# Sunday Wheat Bread



## dirtsailor2003 (Feb 18, 2020)

Made a couple loafs of wheat bread out of Ken Forkish's book Flour Water Salt Yeast. These require an overnight proof in the fridge. Its always a good way to start the day having the house smell like fresh bread. I couldn't find our second proofing basket so one loaf proofed in a mixing bowl. Cooked both in a cast iron dutch oven. Vac packed one loaf and froze it.


----------



## chopsaw (Feb 18, 2020)

Fantastic .


----------



## gary s (Feb 18, 2020)

Nothing like fresh baked bread

Gary


----------



## daveomak (Feb 18, 2020)

Tear off a hunk and wash it down with some ........


----------



## chef jimmyj (Feb 18, 2020)

gary s said:


> Nothing like fresh baked bread
> 
> Gary



Totally agree. I don't know if this is Weird but, ever since I was a kid, I  can only eat Refer Cold Hard Butter on Hot Bread or Rolls. It's a combo of the temp contrast and the hard Butter against the soft bread....JJ


----------



## jcam222 (Feb 18, 2020)

That is some BEAUTIFUL bread. Very nice work.


----------



## Sowsage (Feb 18, 2020)

Wow that looks awesome! Nothing like homemade bread! Yum!


----------



## BuckeyeSteve (Feb 18, 2020)

Looks really tasty.
That would make a great bread bowl for a spinach dip,  or clam chowder if it’s dense enough.


----------



## KillianMatters (Feb 19, 2020)

Could you please give the recipe? I know it's a noob question, but it looks so fluffy and good, mine never comes out like this.


----------



## daveomak (Feb 19, 2020)

KillianMatters said:


> Could you please give the recipe? I know it's a noob question, but it looks so fluffy and good, mine never comes out like this.

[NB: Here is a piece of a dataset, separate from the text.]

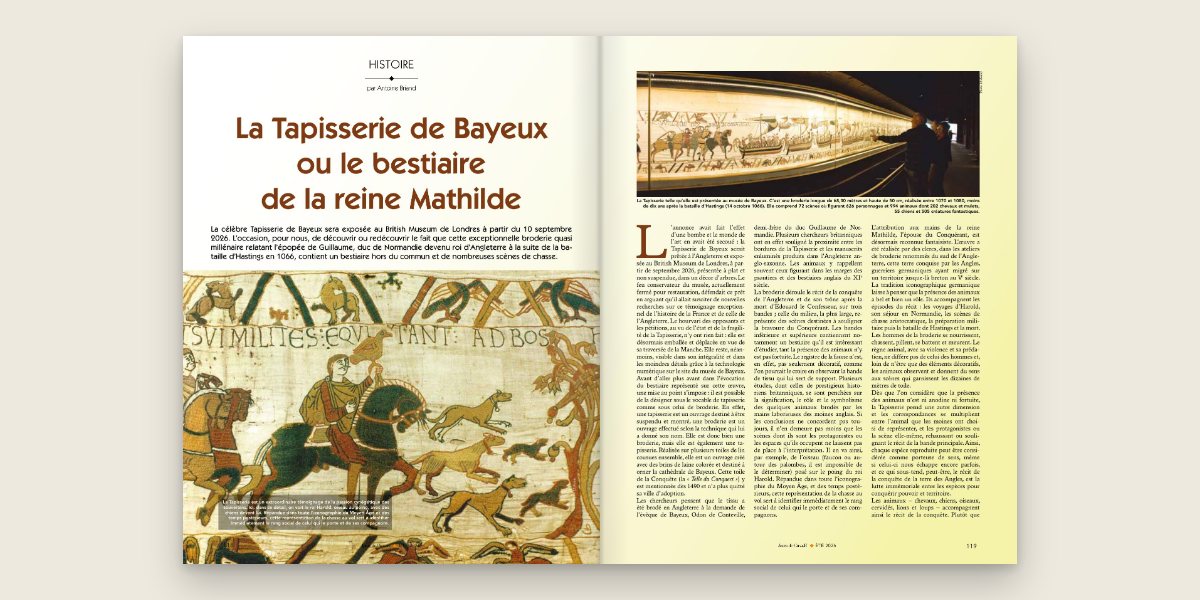 Double page « Histoire » du numéro 104, pages 118 et 119 : la Tapisserie de Bayeux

Books and other printed material are under copyright laws and can't be reprinted....


....


----------



## Dirty Nails (Feb 19, 2020)

Nothing like homemade bread - excellent job!


----------



## dirtsailor2003 (Feb 20, 2020)

KillianMatters said:


> Could you please give the recipe? I know it's a noob question, but it looks so fluffy and good, mine never comes out like this.



Buy The book it is well worth it. Not only for the recipes in it but the explanations of teh techniques that Ken uses. He truly is a bread master.  Has really increased my bread making skills. When you buy the book make sure and get a good digital scale if you don't have one.  All of the recipes are by weight, which when baking is the best way to get accurate repetable results every time.


----------



## dirtsailor2003 (Feb 20, 2020)

BuckeyeSteve said:


> Looks really tasty.
> That would make a great bread bowl for a spinach dip,  or clam chowder if it’s dense enough.



Would work well for dips or chowders. Would need to make smaller loafs for chowder though. 1/8ths would probably be good.


----------



## Omnivore (Mar 24, 2020)

I love that book! Agree that the book as a whole is a must for all the great techniques and explanations. Your bread looks great!


----------



## dirtsailor2003 (Mar 24, 2020)

Omnivore said:


> I love that book! Agree that the book as a whole is a must for all the great techniques and explanations. Your bread looks great!



Thank you!


----------